57600 baud is the default serial transfer rate for U-Boot and the Linux kernel, though this can be changed when compiling the kernel.

Upon each start-up, the terminal is active. If the set-up is done properly you should be able to see output from U‑Boot or uClinux when they are run.

Hyper Terminal

This terminal program is available for most Windows platforms. It usually comes pre‑installed and can be found under: Start>Programs>Accessories>Communication>HyperTerminal. When a Hyper Terminal session is started the Connection Description window will appear (if the Connection Wizard dialog appears simply complete it with dummy values as we will not be using a dial-up modem):

Name: <type any appropriate name for the session>.

Click OK.

The Connect To window should now appear:

Connect using: <choose the port the serial cable is connected to>

(usually COM1).

Click OK.

The COMX Properties window should now appear:

Bits per second: 57600
Data bits: 8
Parity: None
Stop bits: 1
Flow Control: None

Click OK.

57600 baud is the default serial transfer rate for U-Boot and the Linux kernel, though this can be changed when compiling the kernel.

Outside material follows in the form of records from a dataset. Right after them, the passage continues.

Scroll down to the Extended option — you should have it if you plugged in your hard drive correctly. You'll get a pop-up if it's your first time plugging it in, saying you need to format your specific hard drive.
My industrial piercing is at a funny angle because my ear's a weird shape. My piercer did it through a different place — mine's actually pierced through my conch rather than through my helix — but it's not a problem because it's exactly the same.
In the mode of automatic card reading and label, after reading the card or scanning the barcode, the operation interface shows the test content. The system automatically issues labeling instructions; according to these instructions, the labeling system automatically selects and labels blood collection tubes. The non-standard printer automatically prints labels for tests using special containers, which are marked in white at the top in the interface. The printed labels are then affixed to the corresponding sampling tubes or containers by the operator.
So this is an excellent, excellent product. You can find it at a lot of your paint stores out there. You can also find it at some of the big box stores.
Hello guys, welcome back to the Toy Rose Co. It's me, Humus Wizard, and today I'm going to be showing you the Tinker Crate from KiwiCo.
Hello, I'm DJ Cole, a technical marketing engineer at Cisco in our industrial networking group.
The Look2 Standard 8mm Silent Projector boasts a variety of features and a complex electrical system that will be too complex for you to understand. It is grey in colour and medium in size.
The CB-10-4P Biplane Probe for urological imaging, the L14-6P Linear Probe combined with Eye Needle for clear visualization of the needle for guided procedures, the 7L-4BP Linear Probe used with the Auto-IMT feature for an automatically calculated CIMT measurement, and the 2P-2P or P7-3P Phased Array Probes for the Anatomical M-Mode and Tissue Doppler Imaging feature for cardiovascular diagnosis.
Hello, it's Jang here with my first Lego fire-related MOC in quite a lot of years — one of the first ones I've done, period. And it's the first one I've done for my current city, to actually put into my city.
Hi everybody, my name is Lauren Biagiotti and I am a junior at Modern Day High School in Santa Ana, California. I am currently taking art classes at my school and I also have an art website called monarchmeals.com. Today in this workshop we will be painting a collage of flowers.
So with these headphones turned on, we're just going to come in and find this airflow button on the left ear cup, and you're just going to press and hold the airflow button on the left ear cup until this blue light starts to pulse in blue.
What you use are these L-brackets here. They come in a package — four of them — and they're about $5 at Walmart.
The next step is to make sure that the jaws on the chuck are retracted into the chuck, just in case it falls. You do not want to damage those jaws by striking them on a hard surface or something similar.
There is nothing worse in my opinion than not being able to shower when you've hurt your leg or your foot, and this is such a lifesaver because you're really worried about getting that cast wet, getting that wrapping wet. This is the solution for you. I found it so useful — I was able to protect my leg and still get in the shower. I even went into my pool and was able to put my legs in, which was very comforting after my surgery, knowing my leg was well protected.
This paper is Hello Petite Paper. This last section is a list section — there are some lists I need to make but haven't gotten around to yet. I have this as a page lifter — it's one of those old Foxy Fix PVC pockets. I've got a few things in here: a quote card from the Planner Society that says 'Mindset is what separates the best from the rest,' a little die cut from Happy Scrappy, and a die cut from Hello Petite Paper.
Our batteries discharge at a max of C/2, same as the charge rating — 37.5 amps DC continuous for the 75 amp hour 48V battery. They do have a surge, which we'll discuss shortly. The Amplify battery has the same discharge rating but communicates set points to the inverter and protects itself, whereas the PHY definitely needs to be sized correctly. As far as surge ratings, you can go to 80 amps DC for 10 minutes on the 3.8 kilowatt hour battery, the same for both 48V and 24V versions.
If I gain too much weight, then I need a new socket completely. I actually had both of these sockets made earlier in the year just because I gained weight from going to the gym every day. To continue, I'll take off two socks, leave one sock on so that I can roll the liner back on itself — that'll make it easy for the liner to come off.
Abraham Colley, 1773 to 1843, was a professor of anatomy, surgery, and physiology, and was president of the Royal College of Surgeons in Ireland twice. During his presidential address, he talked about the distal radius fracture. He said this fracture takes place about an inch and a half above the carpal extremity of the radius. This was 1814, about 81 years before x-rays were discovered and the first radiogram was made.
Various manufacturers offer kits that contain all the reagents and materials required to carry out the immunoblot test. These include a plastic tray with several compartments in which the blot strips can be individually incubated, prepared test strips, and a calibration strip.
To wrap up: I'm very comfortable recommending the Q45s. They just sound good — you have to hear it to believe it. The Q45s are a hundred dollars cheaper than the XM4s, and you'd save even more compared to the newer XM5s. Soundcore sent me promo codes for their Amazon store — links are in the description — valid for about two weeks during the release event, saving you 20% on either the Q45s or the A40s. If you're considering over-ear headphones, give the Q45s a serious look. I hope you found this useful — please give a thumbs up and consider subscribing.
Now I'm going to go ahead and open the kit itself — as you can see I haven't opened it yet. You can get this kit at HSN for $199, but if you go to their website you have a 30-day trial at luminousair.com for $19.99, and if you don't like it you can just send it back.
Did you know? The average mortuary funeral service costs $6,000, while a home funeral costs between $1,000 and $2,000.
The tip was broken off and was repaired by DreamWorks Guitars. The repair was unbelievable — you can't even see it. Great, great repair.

The terminal session should now be connected. You should now be able to see output from U‑Boot or uClinux when they are run.

WinSCP

As a Windows counterpart for rcp/rsh, the puTTY package fits well. WinSCP uses puTTY resources and provides a dual pane file manager where you can even preset a directory of your local host machine for the left pane and a preset directory for the connected target. Does not work with sftp protocol, you should select SCP or allow “fallback to SCP” in the appropriate connect dialog. Home page: http://winscp.net/

Note: Linux two pane file managers tend to fail in building up connections to blackfin targets, even when fish or scp (ssh-1) is supported.